Crawford Findlay
- Birth name: James Crawford Findlay
- Date of birth: 2 June 1871
- Place of birth: Govan, Scotland
- Notable relative(s): Graham Findlay, brother

Rugby union career
- Position(s): Three Quarters

Amateur team(s)
- Years: Team / Apps / (Points)
- -: West of Scotland /  / ()

Refereeing career
- Years: Competition /  / Apps
- 1895: Scottish Unofficial Championship
- 1902-11: Home Nations

53rd President of the Scottish Rugby Union
- In office 1932–1933
- Preceded by: John Sturrock
- Succeeded by: John MacGill

= Crawford Findlay =

Scottish rugby union player & referee

Crawford Findlay was a Scottish rugby union player. He became an international rugby union referee. He later was the 53rd President of the Scottish Rugby Union.

==Rugby Union career==

===Amateur career===

Findlay was playing for West of Scotland but a knee injury in 1895 forced him to go to a specialist in London.

===Referee career===

For the season 1895-96 Findlay started refereeing. He was refereeing in the Scottish Unofficial Championship. Reports state he gave 'every satisfaction' as a referee.
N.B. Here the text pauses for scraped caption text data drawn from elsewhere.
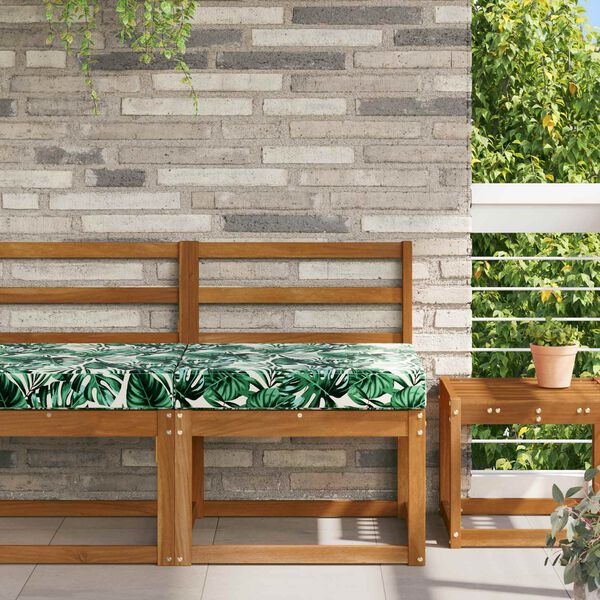 vidaXL Vank&uacute;&scaron; na vonkaj&scaron;iu pohovku Vzor listov 60 x 60 x 8 cm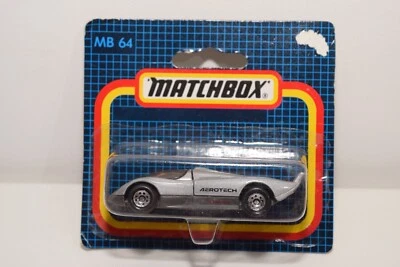 A94 1:64 3 INCH MATCHBOX LESNEY MB-64 MB64 MB 64 OLDSMOBILE AEROTECH SHORT CARD - Immagine 1 di 4
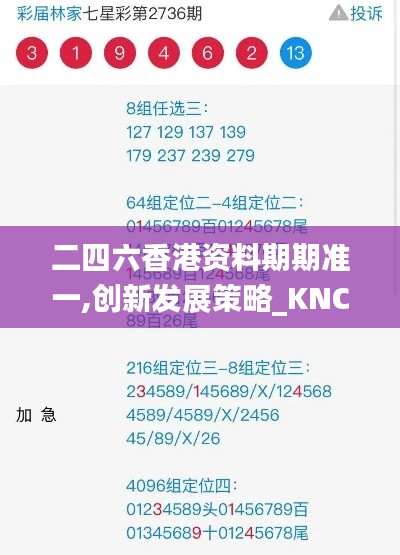 二四六香港资料期期准一,创新发展策略_KNC15.6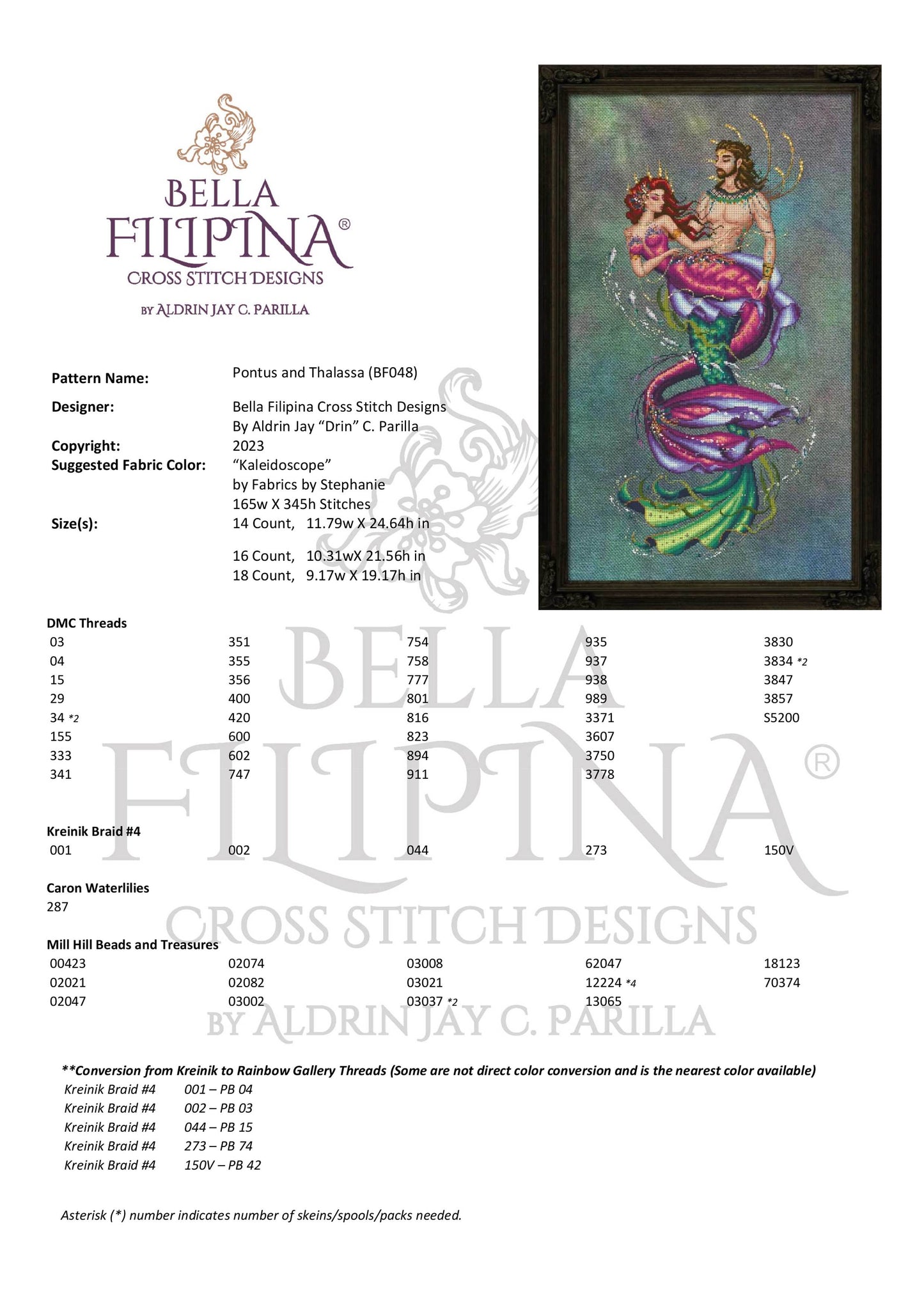 BF048 Bella Filipina - Pontus and Thalassa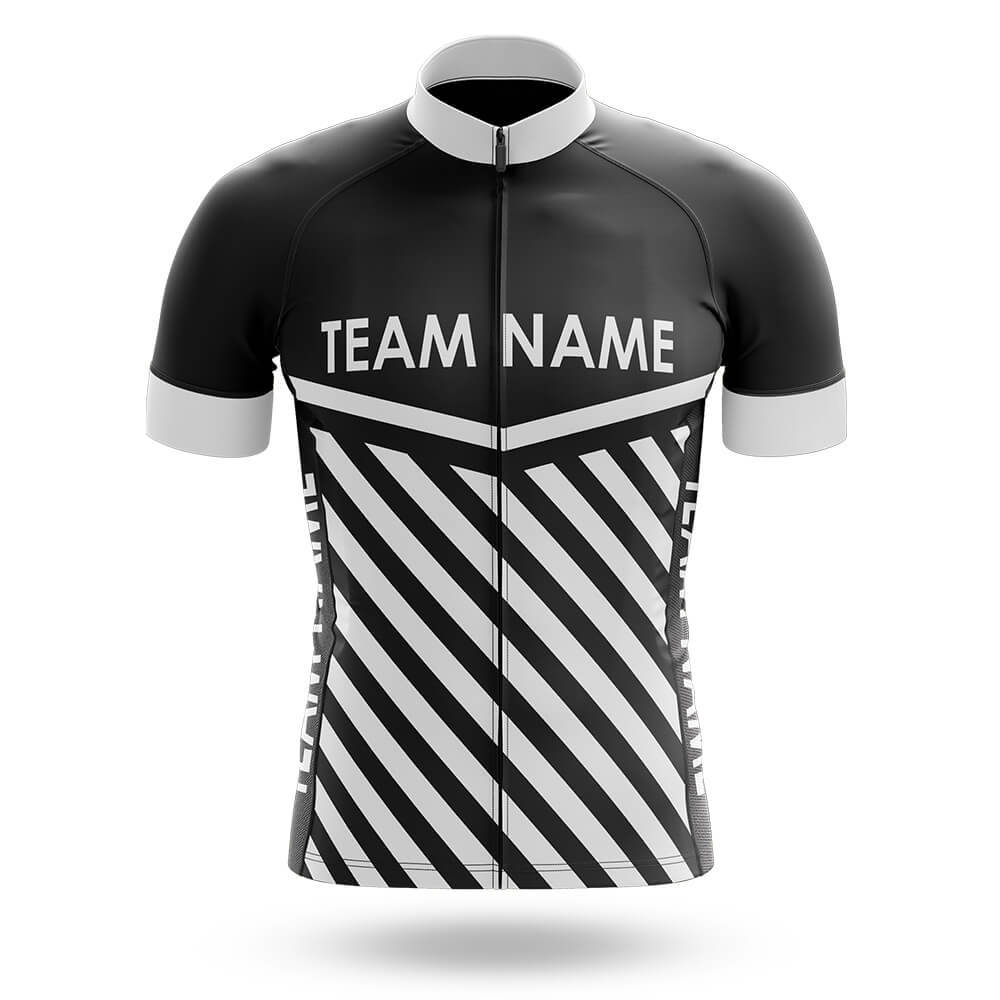 Custom Team Name M3 Black - Men's Cycling Kit-Jersey Only-Global Cycling Gear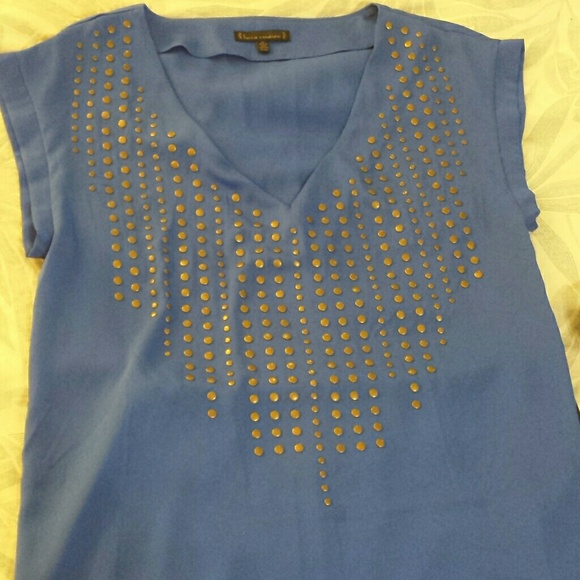 Royal blue top - Picture 2 of 3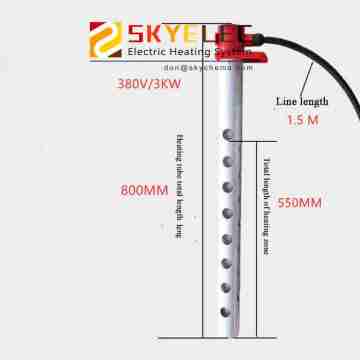 使用可能な電気浸漬ヒーター交換器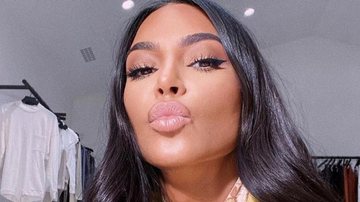 Em quarentena, Kim Kardashian posa com a família e pede dicas de atividades na web - Instagram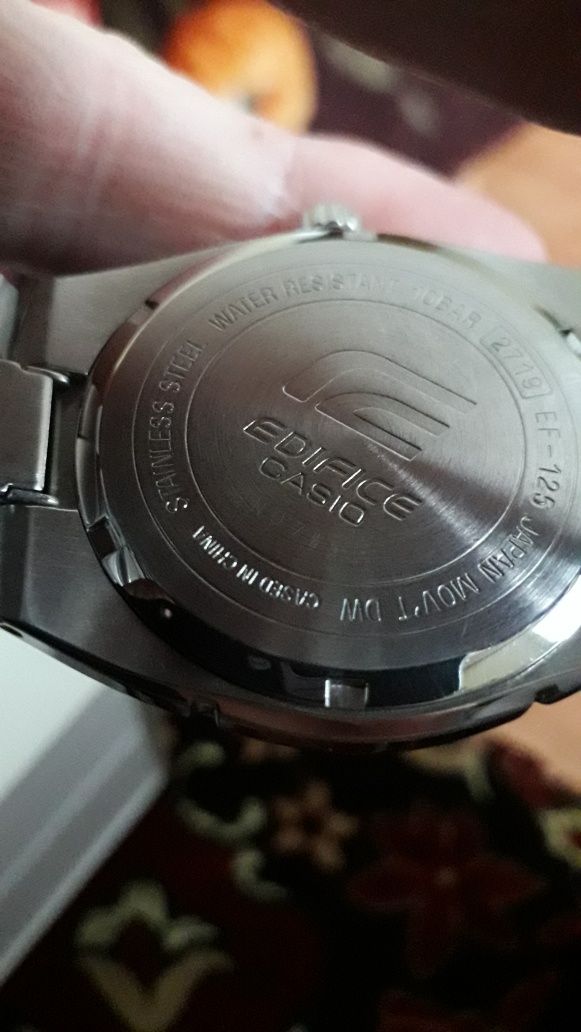 Годинник часы Casio EF 125-D, Casio Edifice-125, оригінал. Стан нового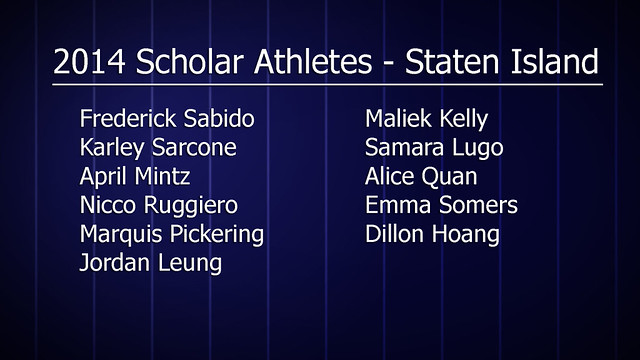 2014 PSAL MVP Scholar Athlete Award Honorees Staten Island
He was still refereeing that league in 1898.

Findlay was nicknamed the 'Penalty King' as he frequently gave penalties for infringements that other referees would overlook.

When refereeing the England versus Wales match in 1904, after Findlay gave numerous penalties for scrum infringements, the Welsh scrum half, Swansea player Dicky Owen, gave the ball to the English scrum half to feed the scrum on Welsh put-ins.

Some Welsh felt that Findlay carried 'social prejudice' against them: Findlay had previously made a comment about the number of Welsh working men playing rugby union instead of rugby league. The Welsh centre Rhys Gabe said that Findlay told him that he was surprised that the Welsh picked the working class of miners, steelworkers and policemen and felt they should join the Northern Union instead.

On a particularly foggy day when it was difficult to see the posts, Findlay was refereeing the match between Oxford University and Cambridge University at the end of the 1907–08 season. The match was tied at the end of the game and the Scots centre K. G. MacLeod, playing for Cambridge, tried a last-gasp drop kick to win the match. Findlay could not see the posts or where the ball went. He asked MacLeod how his kick went. MacLeod replied 'No goal'. He felt the ball swerved just outside.

===Administrative career===

When his brother Graham Findlay was promoted to President of West of Scotland in 1894, Crawford was then elected as secretary.

He was re-appointed secretary of the West of Scotland in 1898.

He moved to the board of London Scottish in 1931.

He was elected vice-president of the SRU in May 1931. Findlay was then elected President of the Scottish Rugby Union the following year in May 1932.

As SRU president he opened the Watsonians grandstand in 1933.

==Law career==

Findlay went to the University of Glasgow where he got his MA in 1891 and studied law and received his LLD in 1894.